To substantially improve the robustness and accuracy of AUV self-localization in the hydrothermal near-seafloor environment, OAF-IPD addresses the limitations of individual sensors by fusing multiple sensor data with the deep learning framework. OAF-IPD aims to realize a more accurate unsupervised learning IPD method works robustly in hydrothermal near-seafloor environment. The key contributions are as follows:

(1): Fuse module incorporating the FPN into UnsuperPoint for better sensor fusion;
(2): Depth module designed to ensure a uniform distribution of interest points in depth for better localization accuracy;
(3): Unsupervised training strategy including an auto-encoder framework, a ground truth depth generation framework, and a mutually supervised framework designed to enable unsupervised training of the new modules;
(4): Non-rigid feature filter with which the camera data encoder filters out features from non-rigid structural objects, mitigating the interference caused by the smoke emitted from active vents in hydrothermal areas;

The paper is structured as follows: Section 2 provides a brief introduction to related works; Section 3 offers the network architecture of the proposed OAF-IPD method; Section 4 details the self-supervised frameworks of OAF-IPD; Section 5 is the design of the loss function, and Section 6 presents results from a diverse set of challenging underwater environments. Finally, Section 7 summarizes the conclusions and directions for future work.

2. Related Works

2.1. IPD for Underwater SLAM

As a critical component of SLAM, the interest point detector has been extensively researched, leading to the development of numerous feature point selection and description algorithms tailored for underwater visual SLAM.

The monocular SLAM method used in AUV hull inspections leverages the SIFT and Harris feature detectors for image registration to calculate relative camera poses [22]. This method was validated using 1300 images from a U.S. aircraft carrier hull, demonstrating the capability for automatic mapping and navigation of the hull’s underwater surface.

A multi-stage visual odometry system with a fault detection mechanism was developed to handle motion measurement and correct unreliable estimates in texture-poor underwater environments [23]. Using a monocular camera, the system includes a primary motion estimation based on the scene features and two backup systems. Using a monocular camera, the system includes a primary motion estimation based on scene features and two backup systems: one estimating the AUV motion via phase correlation and the other using high-order motion prediction.

2.2. Deep Learning Based IPD

Traditional feature-based IPD methods will significantly underperform in underwater imaging conditions. To improve the robustness of the feature extraction and description algorithm, this paper attempts to apply a deep learning-based feature extraction and description method to the underwater images and sonar data.
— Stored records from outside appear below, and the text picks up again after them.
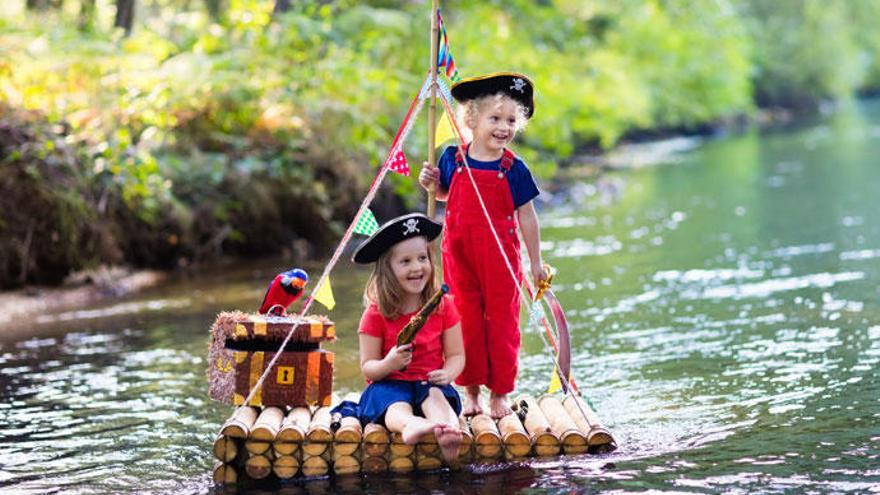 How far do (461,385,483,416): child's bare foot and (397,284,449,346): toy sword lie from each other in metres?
0.74

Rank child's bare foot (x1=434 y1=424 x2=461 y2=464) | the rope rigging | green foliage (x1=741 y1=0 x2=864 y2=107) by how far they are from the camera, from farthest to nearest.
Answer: green foliage (x1=741 y1=0 x2=864 y2=107) < the rope rigging < child's bare foot (x1=434 y1=424 x2=461 y2=464)

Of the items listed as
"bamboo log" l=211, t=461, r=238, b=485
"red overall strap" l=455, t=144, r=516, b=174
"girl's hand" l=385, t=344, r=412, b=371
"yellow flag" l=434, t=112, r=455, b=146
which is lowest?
"bamboo log" l=211, t=461, r=238, b=485

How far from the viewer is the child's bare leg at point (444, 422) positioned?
5527 millimetres

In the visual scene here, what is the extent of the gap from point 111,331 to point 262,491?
5.07 metres

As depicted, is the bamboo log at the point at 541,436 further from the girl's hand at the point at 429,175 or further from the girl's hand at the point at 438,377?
the girl's hand at the point at 429,175

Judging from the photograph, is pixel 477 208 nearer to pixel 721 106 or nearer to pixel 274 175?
pixel 274 175

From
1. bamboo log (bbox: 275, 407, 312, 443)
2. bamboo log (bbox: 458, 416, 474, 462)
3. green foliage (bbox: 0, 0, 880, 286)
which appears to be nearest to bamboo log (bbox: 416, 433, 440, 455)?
bamboo log (bbox: 458, 416, 474, 462)

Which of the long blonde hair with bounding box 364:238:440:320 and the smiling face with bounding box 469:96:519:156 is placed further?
the smiling face with bounding box 469:96:519:156

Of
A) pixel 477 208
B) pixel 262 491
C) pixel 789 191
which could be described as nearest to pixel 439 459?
pixel 262 491

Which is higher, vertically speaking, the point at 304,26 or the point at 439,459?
the point at 304,26

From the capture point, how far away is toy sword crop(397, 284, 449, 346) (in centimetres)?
575

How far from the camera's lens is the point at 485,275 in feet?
21.0

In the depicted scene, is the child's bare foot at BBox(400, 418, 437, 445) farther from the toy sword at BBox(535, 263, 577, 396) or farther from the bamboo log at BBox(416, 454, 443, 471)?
the toy sword at BBox(535, 263, 577, 396)

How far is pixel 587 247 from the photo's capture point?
14242 mm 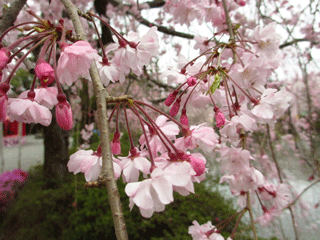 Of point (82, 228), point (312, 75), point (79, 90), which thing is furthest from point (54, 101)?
point (312, 75)

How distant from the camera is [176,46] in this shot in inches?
169

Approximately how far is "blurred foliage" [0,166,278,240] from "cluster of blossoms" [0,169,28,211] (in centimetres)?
17

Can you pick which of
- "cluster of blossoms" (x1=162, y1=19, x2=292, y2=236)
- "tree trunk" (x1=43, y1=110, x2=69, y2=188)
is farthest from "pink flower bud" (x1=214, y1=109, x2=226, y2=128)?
"tree trunk" (x1=43, y1=110, x2=69, y2=188)

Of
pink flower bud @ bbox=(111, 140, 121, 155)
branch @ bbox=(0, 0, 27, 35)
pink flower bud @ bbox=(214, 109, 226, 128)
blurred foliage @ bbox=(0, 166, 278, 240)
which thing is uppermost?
branch @ bbox=(0, 0, 27, 35)

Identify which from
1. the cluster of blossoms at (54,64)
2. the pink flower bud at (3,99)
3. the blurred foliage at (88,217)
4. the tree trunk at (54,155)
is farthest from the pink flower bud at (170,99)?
the tree trunk at (54,155)

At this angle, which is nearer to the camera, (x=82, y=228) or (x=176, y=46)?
→ (x=82, y=228)

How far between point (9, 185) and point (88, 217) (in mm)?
2113

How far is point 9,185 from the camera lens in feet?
13.4

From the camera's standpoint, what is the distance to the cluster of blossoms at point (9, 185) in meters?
3.71

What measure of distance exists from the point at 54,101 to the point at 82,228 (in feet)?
8.83

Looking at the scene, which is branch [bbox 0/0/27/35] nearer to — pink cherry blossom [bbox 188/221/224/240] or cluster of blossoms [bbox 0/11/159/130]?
cluster of blossoms [bbox 0/11/159/130]

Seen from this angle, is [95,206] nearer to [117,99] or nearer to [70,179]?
[70,179]

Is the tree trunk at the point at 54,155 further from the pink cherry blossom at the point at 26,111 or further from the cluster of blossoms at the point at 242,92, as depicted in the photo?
the pink cherry blossom at the point at 26,111

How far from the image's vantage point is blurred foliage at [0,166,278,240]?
279 centimetres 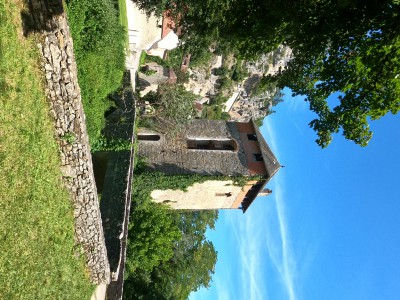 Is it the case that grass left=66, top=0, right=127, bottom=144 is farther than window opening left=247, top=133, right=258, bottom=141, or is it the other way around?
window opening left=247, top=133, right=258, bottom=141

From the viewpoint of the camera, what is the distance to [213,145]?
2569 centimetres

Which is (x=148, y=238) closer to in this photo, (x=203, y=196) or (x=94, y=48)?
→ (x=203, y=196)

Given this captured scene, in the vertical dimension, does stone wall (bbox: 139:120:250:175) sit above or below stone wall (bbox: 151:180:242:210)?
above

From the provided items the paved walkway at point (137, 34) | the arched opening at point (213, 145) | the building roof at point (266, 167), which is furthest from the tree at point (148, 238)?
the paved walkway at point (137, 34)

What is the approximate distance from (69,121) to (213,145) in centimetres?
1656

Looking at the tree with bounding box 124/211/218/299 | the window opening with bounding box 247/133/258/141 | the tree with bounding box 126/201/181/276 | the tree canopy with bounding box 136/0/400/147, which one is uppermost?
the tree canopy with bounding box 136/0/400/147

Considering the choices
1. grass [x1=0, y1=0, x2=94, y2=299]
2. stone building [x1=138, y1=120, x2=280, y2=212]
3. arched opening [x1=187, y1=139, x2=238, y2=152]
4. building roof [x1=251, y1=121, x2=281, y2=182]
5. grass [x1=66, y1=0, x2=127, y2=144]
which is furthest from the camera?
arched opening [x1=187, y1=139, x2=238, y2=152]

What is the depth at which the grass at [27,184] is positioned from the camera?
7.70m

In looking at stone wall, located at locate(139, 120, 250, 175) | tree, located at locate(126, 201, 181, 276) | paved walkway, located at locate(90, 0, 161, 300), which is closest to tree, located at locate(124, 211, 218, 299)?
tree, located at locate(126, 201, 181, 276)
Learned invariant feature transform (LIFT) predicts both points and descriptors using three modules: a detector that creates a score map of interest points, an orientation estimator that predicts patch orientations, and a descriptor module [18]. The score map is used to crop patches of interest points. A spatial transformer network (STN) [24] rotates patches according to the estimated orientation before generating descriptors. LIFT uses image patches as input to effectively learn localized feature detection and description. The model requires an initial structure-from-motion (SfM) pipeline to generate point cloud data for supervision to guide the training of each component. The different components of LIFT utilize deep learning techniques but are not jointly trained within an end-to-end framework. As a result, the training and inference processes are conducted separately. Each module operates independently, making LIFT unsuitable for real-time application due to its slow speed.

SuperPoint is an unsupervised deep learning-based interest point detector and descriptor [19]. It addresses the challenge of creating consistent ground truth data for interest points by using a self-supervised Siamese network with a novel loss function, enabling automatic learning of interest point scores and positions. SuperPoint simplifies the training process by not requiring pseudo ground truth or structure-from-motion representations. This allows for end-to-end training in a single round, delivering real-time performance and reliable accuracy.

UnsuperPoint, an end-to-end unsupervised interest point detector and descriptor, was proposed for interest point detection and descriptor extraction [20]. It employs self-supervised learning, leveraging geometric transformations between images to eliminate the need for labeled data and relying on geometric consistency for training. The advantages of UnsuperPoint include scalability, robustness to geometric transformations, and high-quality, consistent descriptors across views, enhancing performance in SLAM, 3D reconstruction, and augmented reality.

3. Network Architecture

This section details the network architecture of the OAF-IPD. The overall structure of the proposed OAF-IPD system is illustrated in Figure 3. UnsuperPoint is considered as the basis of OAF-IPD due to its learnable features and unsupervised learning capabilities. Additionally, a sonar data processing component, a feature fusion component, and a depth prediction module were integrated into the OAF-IPD.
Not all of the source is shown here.